If You Want to Be Robust, Be Wary of Initialization
Sofiane Ennadir, Johannes F. Lutzeyer, Michalis Vazirgiannis, El Houcine Bergou
TL;DR
The paper reveals that weight initialization and the number of training epochs fundamentally influence adversarial robustness in Graph Neural Networks, offering a theoretical upper bound $\gamma$ that links initialization norms and training dynamics to vulnerability under perturbations. It provides explicit bounds for node-feature and structural attacks, extends the analysis to Graph Isomorphism Networks and general neural networks, and validates the theory with extensive experiments on Cora, CiteSeer, and ACM against attacks like Mettack, PGD, and DICE. Key findings include that smaller initial weight norms can enhance robustness, that more training epochs can increase vulnerability, and that appropriate initialization can yield substantial robustness gains without sacrificing clean accuracy (with gaps up to about 50\% in some cases).
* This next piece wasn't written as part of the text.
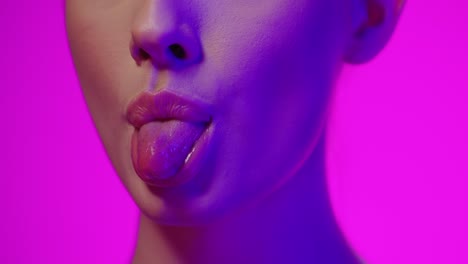 close up of a young pretty woman with beautiful red lips while sticking out her tongue with purple light in her face against purple background in slow motion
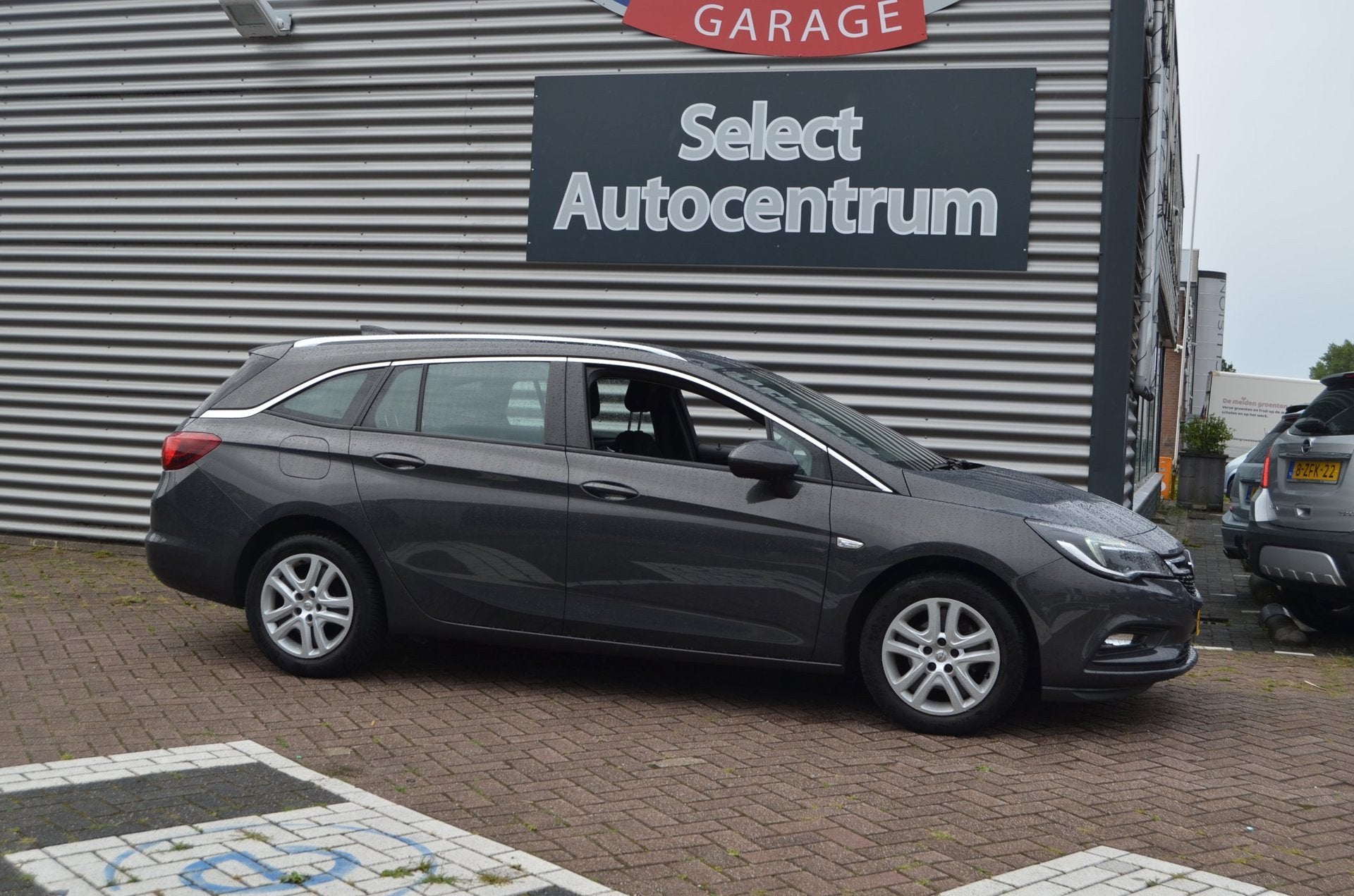 Opel Astra Sports Tourer 1.4 Edition|150PK|NAVI|TREKHAAK|SEN, Auto's, Dealer onderhouden, Gebruikt, 4 cilinders, 150 pk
The work suggests a new direction for robustness research focused on optimization dynamics and initialization, offering practical guidance and a general framework that could inform robust training strategies across graph and non-graph models.
Abstract
Graph Neural Networks (GNNs) have demonstrated remarkable performance across a spectrum of graph-related tasks, however concerns persist regarding their vulnerability to adversarial perturbations. While prevailing defense strategies focus primarily on pre-processing techniques and adaptive message-passing schemes, this study delves into an under-explored dimension: the impact of weight initialization and associated hyper-parameters, such as training epochs, on a model's robustness. We introduce a theoretical framework bridging the connection between initialization strategies and a network's resilience to adversarial perturbations. Our analysis reveals a direct relationship between initial weights, number of training epochs and the model's vulnerability, offering new insights into adversarial robustness beyond conventional defense mechanisms. While our primary focus is on GNNs, we extend our theoretical framework, providing a general upper-bound applicable to Deep Neural Networks. Extensive experiments, spanning diverse models and real-world datasets subjected to various adversarial attacks, validate our findings. We illustrate that selecting appropriate initialization not only ensures performance on clean datasets but also enhances model robustness against adversarial perturbations, with observed gaps of up to 50\% compared to alternative initialization approaches.